Wapres Bukan Jabatan Ditunjuk, Tak Dapat Dikualifikasikan Nepotisme

Wapres Bukan Jabatan Ditunjuk, Tak Dapat Dikualifikasikan Nepotisme

Jakarta, LINews – Hakim Mahkamah Konstitusi (MK), Daniel Yusmic P Foekh, membacakan bagian pertimbangan pada putusan MK terhadap gugatan Anies Baswedan dan Muhaimin Iskandar (Cak Imin) soal tudingan nepotisme yang dilakukan Presiden Joko Widodo (Jokowi) terhadap anaknya, Gibran Rakabuming Raka. Hakim MK menyatakan dalil tersebut tidak terbukti.

Daniel mulanya menyampaikan gugatan dari AMIN, yakni tindakan Presiden Jokowi yang menyetujui dan bahkan mendukung putranya menjadi calon wakil presiden merupakan pelanggaran.
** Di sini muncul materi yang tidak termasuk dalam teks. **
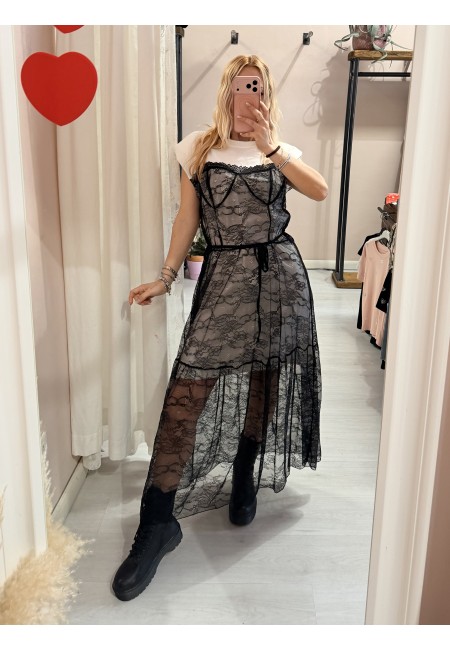 Vestito FIGO in pizzo bainco e nero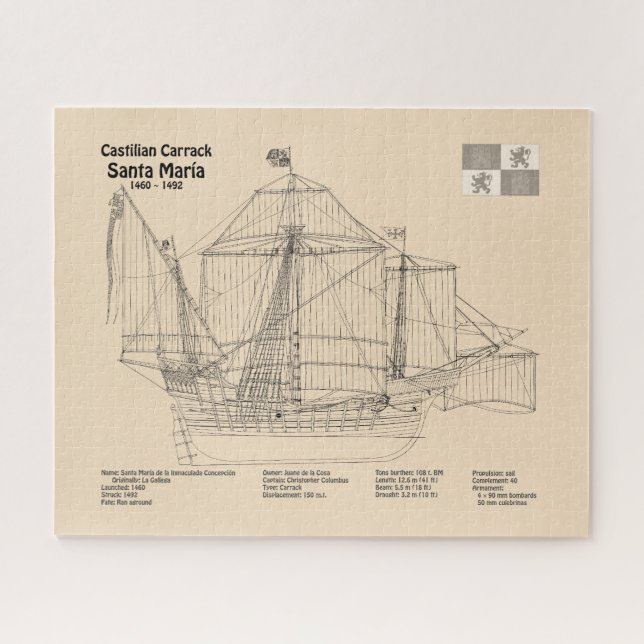 Santa Maria - Ship Blueprint Plans SD Jigsaw Puzzle (Horizontal)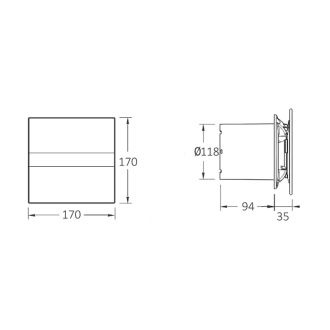 E-120 GTH kúpeľňový ventilátor axiálny s automatom, 6W/11W, potrubie 120mm, biela 00901200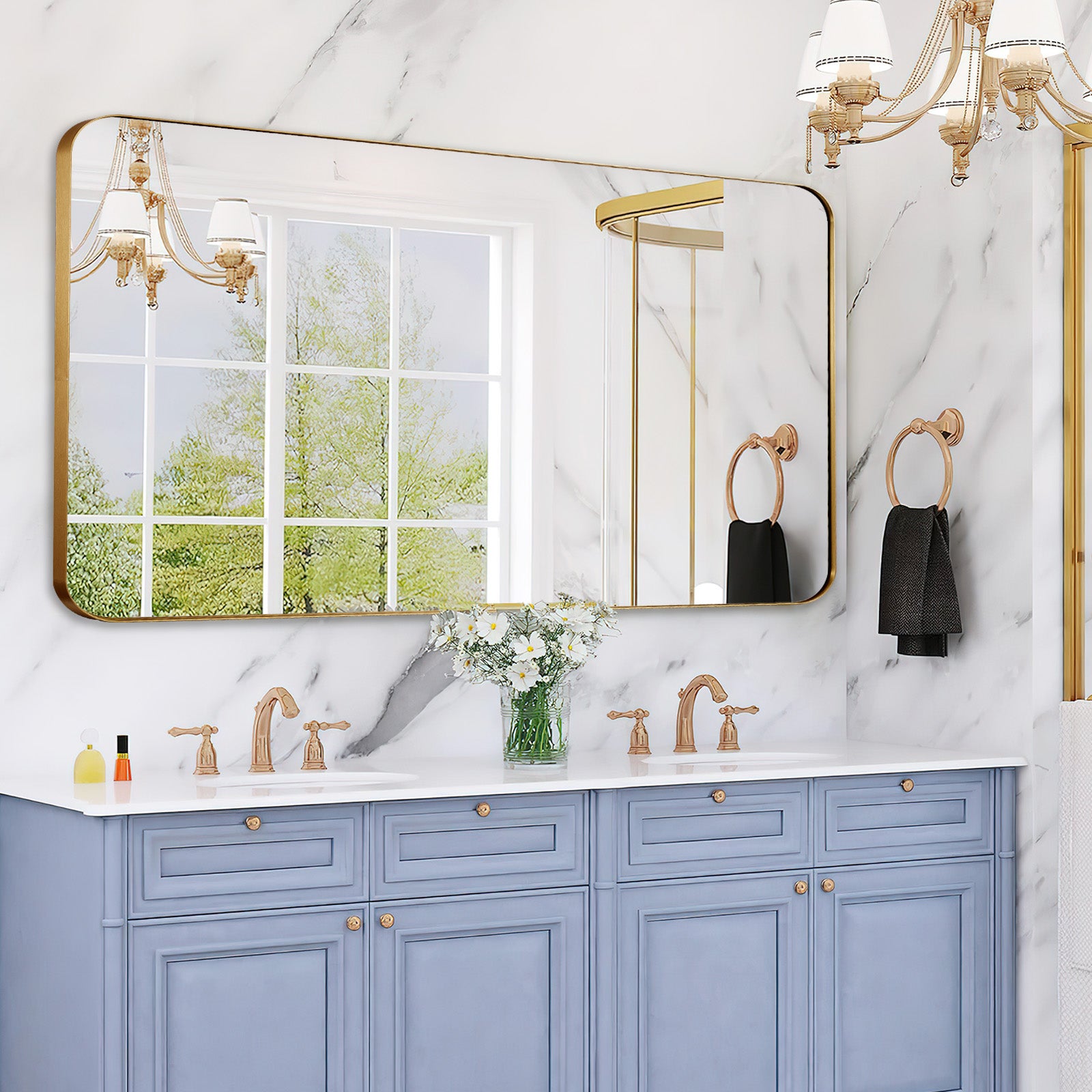 Luxury Rounded Rectangular Bathroom Mirrors with Aluminum Framed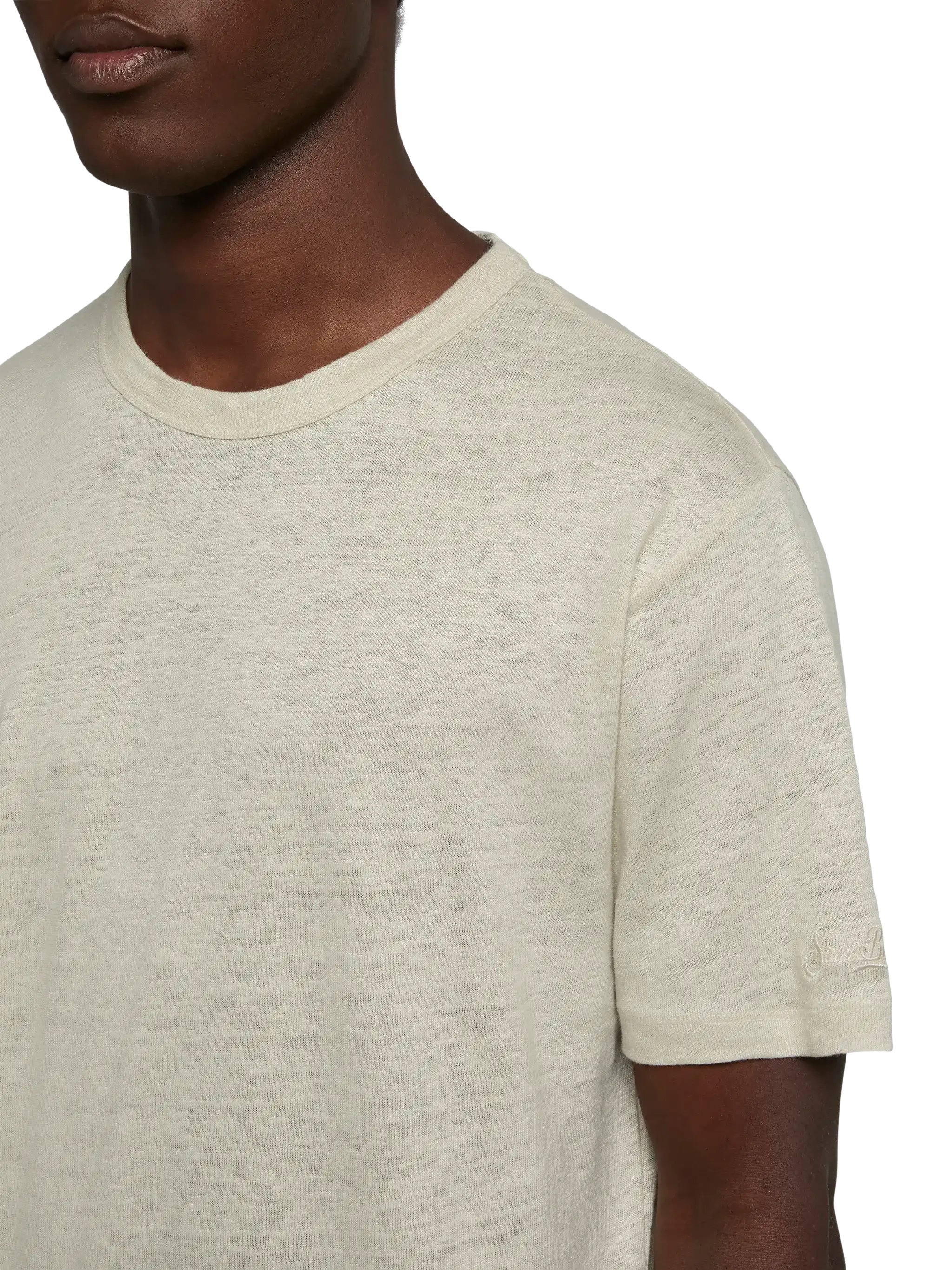 T-shirt in jersey di lino bianco sporco Ecstasea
Mereka mendalilkan hal itu merujuk pada Ketetapan MPR No XI/MPR/1998 tentang Penyelengara Negara yang Bersih dan Bebas Korupsi, Kolusi, dan Nepotisme, Undang-Undang Nomor 28 Tahun 1999 tentang Penyelenggara Negara yang Bersih dan Bebas dari Korupsi, Kolusi dan Nepotisme (UU 28/1999); serta Pasal 282 UU Pemilu.

“Bahwa untuk membuktikan dalilnya Pihak Terkait (kubu 02) mengajukan alat bukti berupa keterangan ahli Edward Omar Sharief Hiariej,” kata Daniel dalam sidang di Gedung MK, Jakarta Pusat, Senin (22/4/2024).

Dia menjelaskan jika AMIN tak bisa menguraikan bukti lebih lanjut terkait itu. Dia mengatakan jabatan Wakil Presiden bukan ditunjuk, melainkan dipilih oleh masyarakat.

“Terlebih, jabatan wakil presiden yang dipersoalkan oleh Pemohon a quo adalah jabatan yang pengisiannya melalui pemilihan (elected position) dan bukan jabatan yang ditunjuk/diangkat secara langsung (directly appointed position),” ujar Daniel.

“Adapun jabatan yang terkait dengan larangan nepotisme adalah jabatan yang pengisiannya dilakukan dengan cara ditunjuk/diangkat secara langsung. Artinya, jabatan yang diisi melalui pemilihan umum tidak dapat dikualifikasi sebagai bentuk nepotisme,” sambungnya.

Dengan demikian, Hakim MK mengatakan bahwa dalil terkait nepotisme yang dilayangkan oleh AMIN tak beralasan menurut hukum. Gugatan tersebut tak terbukti.

“Mahkamah berpendapat dalil Pemohon mengenai pelanggaran atas Ketetapan MPR Nomor XI/MPR/1998, UU 28/1999, dan Pasal 282 UU Pemilu adalah tidak beralasan menurut hukum,” imbuhnya.